## REQUIRED WORK
Once you find the line containing "6512 Evergreen Avenue - Photo 14", set down exactly that line and every one after it through the end of the listing below, with both ends included and any pictures omitted.

-*-*-

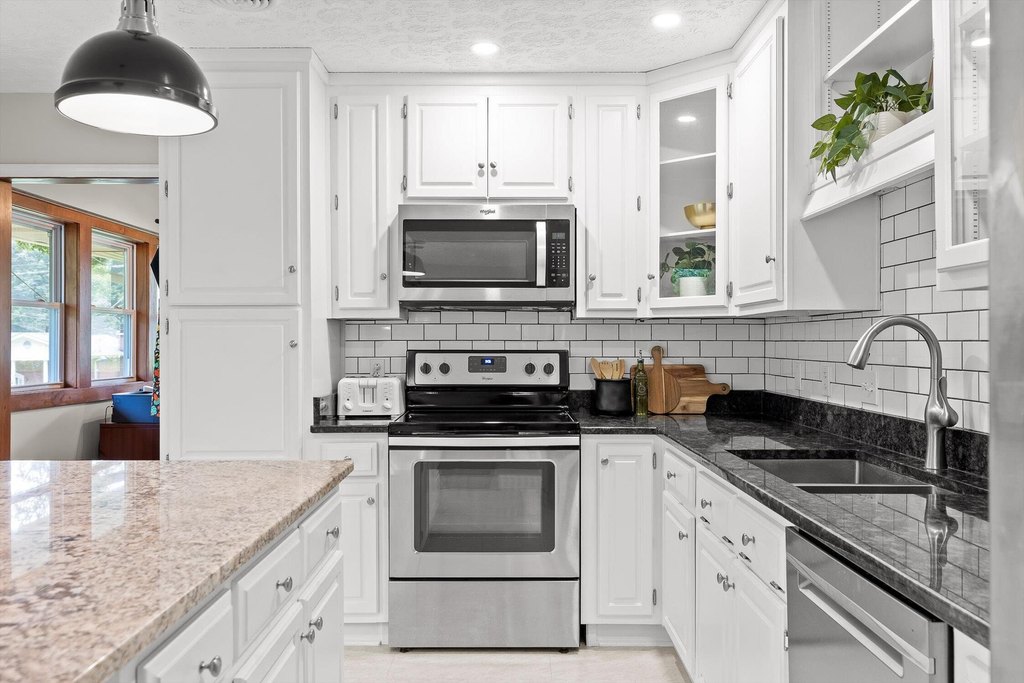 Signal Mountain, Tennessee, 37377, United States, 4 Bedrooms Bedrooms, ,4 BathroomsBathrooms,Residential,Forsale,1894388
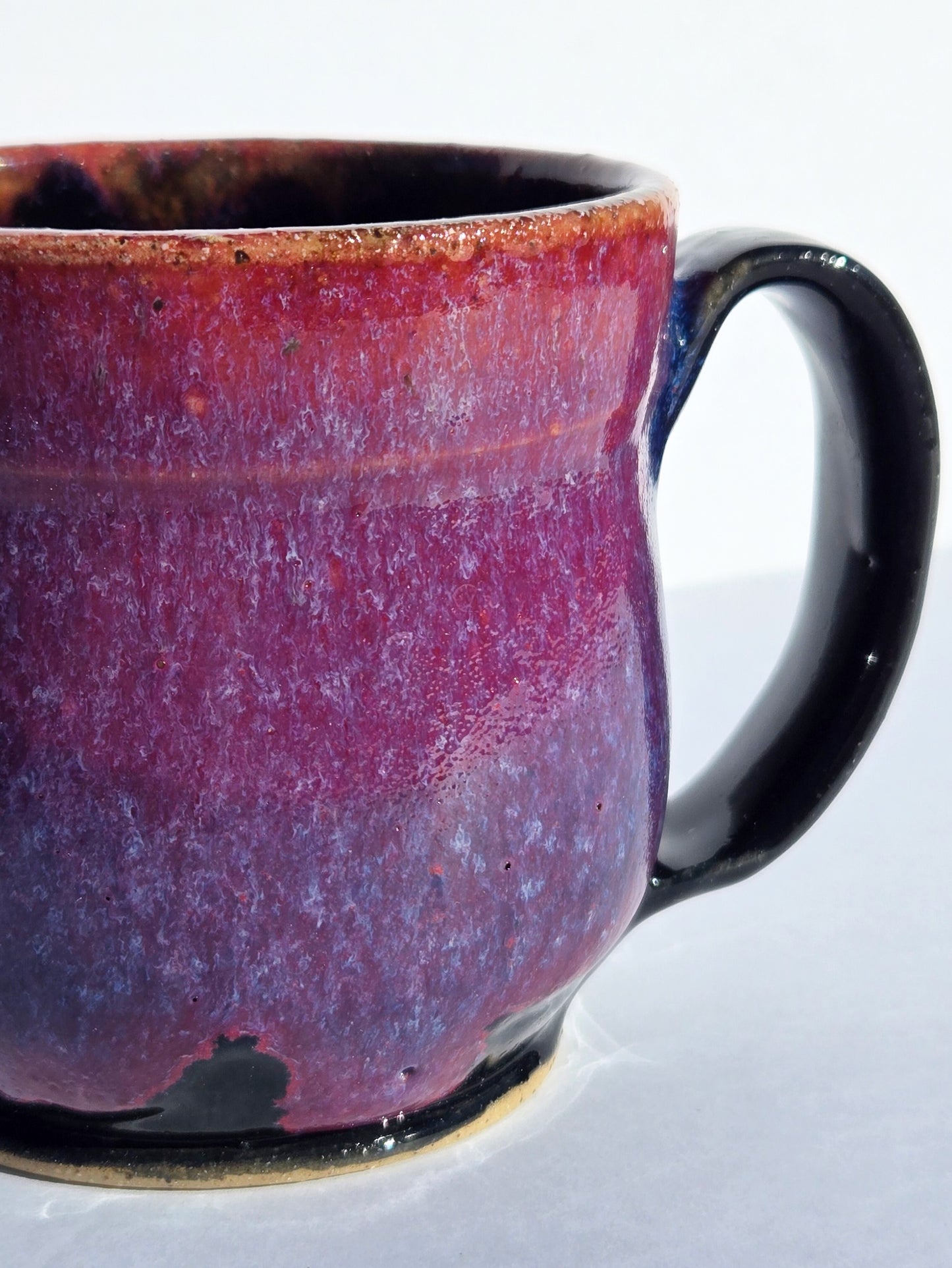 Mug in Raven Red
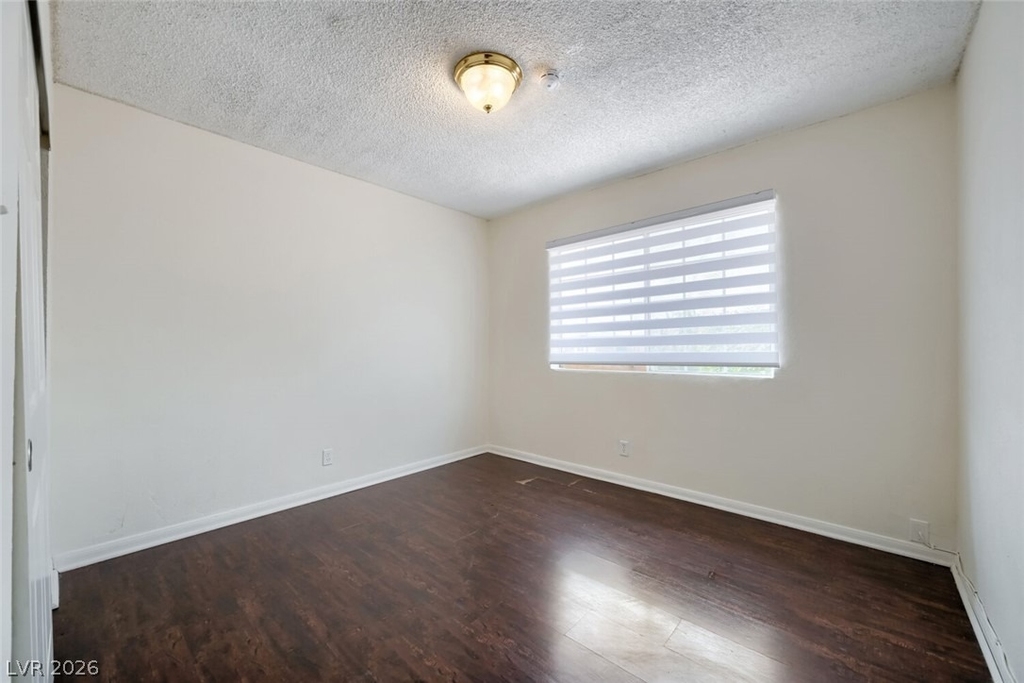 6512 Evergreen Avenue - Photo 14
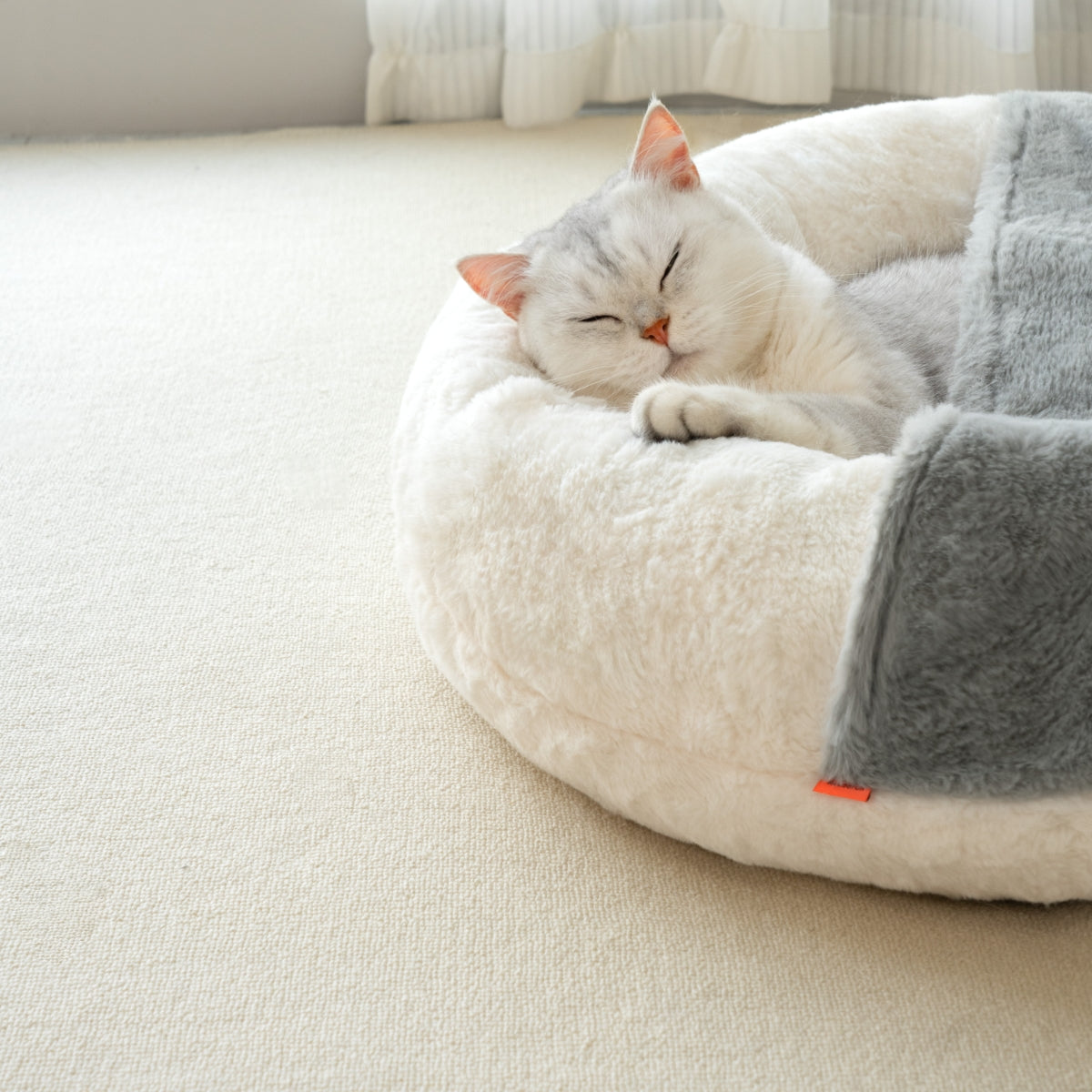 Donut Pet Bed with Hooded Blanket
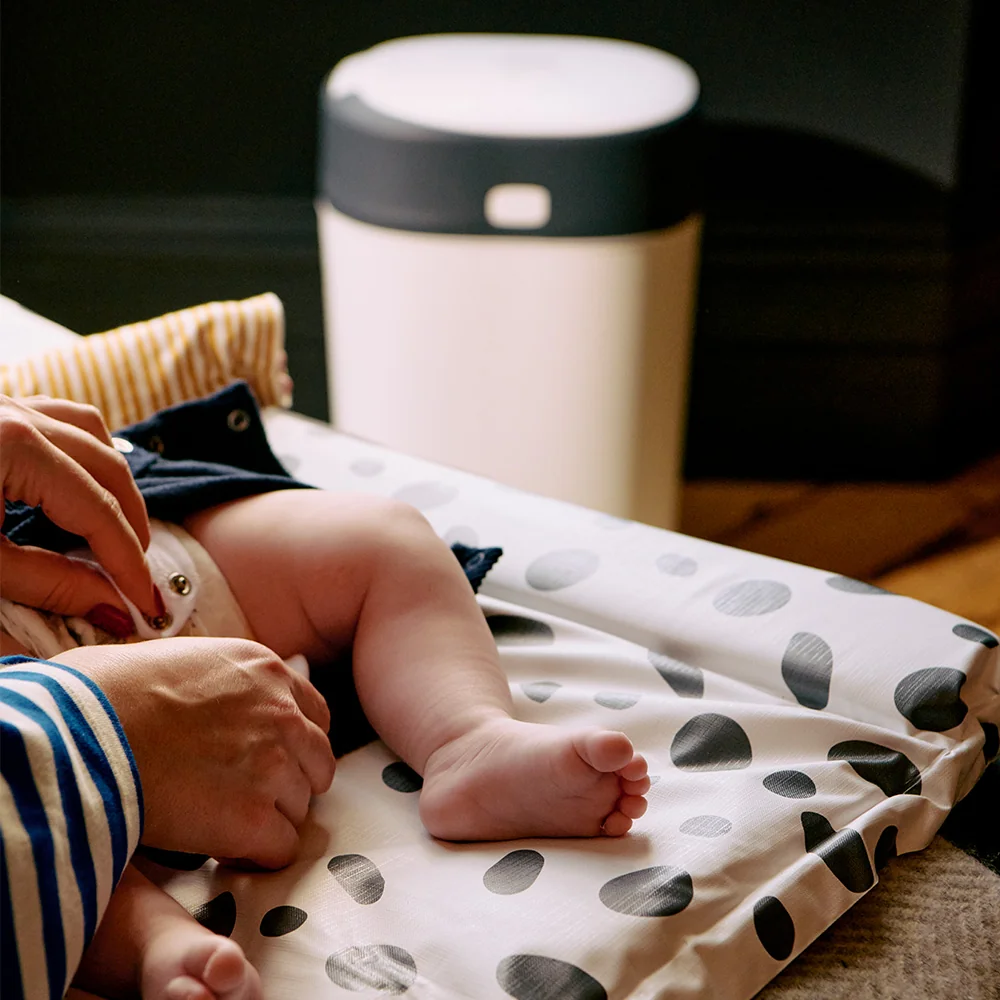 Tommee Tippee Koš na pleny Twist&Click 1 ks bílý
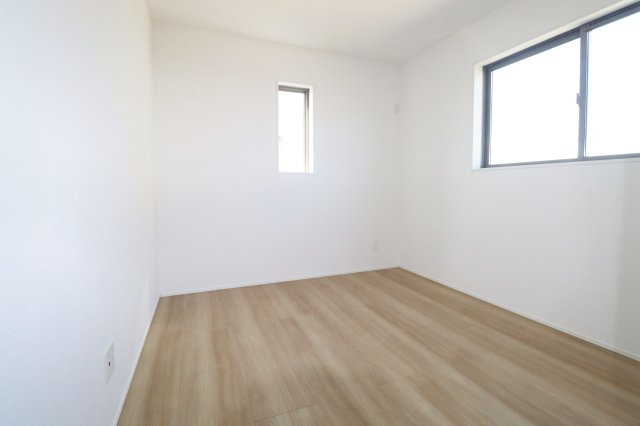 郡山市富久山町久保田字岡ノ城　　　2号棟　　　行健小学校、行健中学区の洋室|※同社施工例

-*-*-

## EXERCISE OUTPUT
 6512 Evergreen Avenue - Photo 14
 Donut Pet Bed with Hooded Blanket
 Tommee Tippee Koš na pleny Twist&Click 1 ks bílý
 郡山市富久山町久保田字岡ノ城　　　2号棟　　　行健小学校、行健中学区の洋室|※同社施工例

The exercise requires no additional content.